Your answer must be the line containing "Vermont Alumni Weekly vol. 05 no. 33" and each following line to the end of the listing below, copied exactly, with pictures removed and nothing added.
+++ Available records
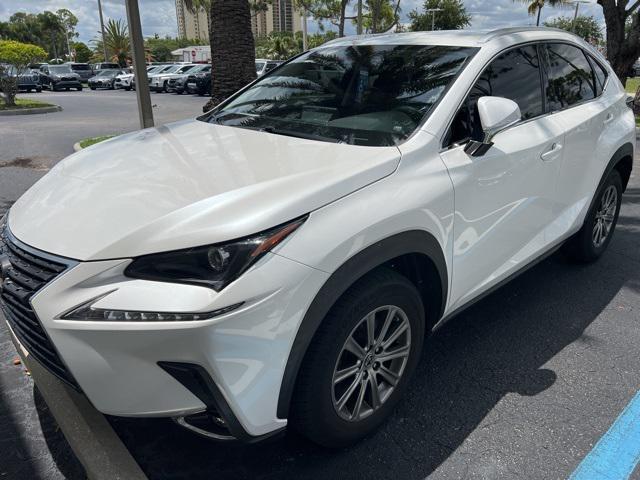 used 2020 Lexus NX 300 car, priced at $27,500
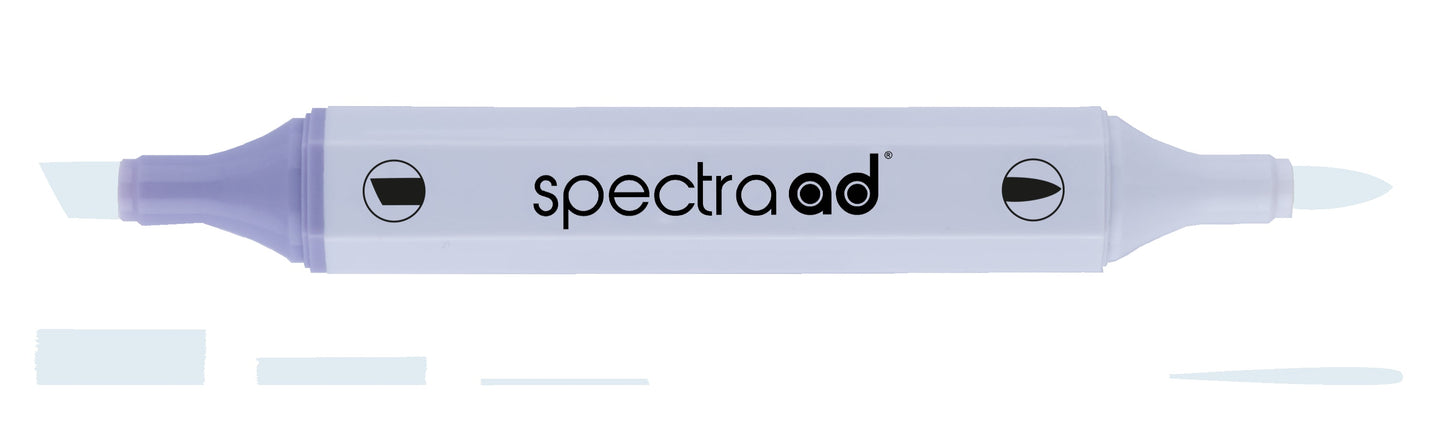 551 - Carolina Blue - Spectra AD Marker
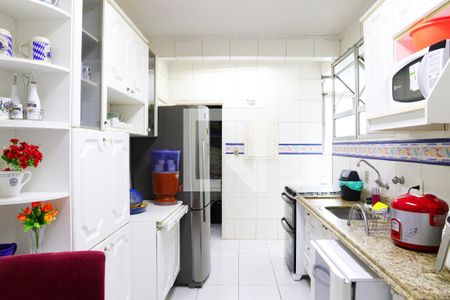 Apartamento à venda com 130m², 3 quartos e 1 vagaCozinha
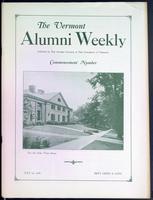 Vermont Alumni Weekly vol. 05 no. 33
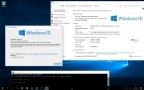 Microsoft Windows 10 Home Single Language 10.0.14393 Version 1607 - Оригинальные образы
++++++
Your response>
 Vermont Alumni Weekly vol. 05 no. 33
 Microsoft Windows 10 Home Single Language 10.0.14393 Version 1607 - Оригинальные образы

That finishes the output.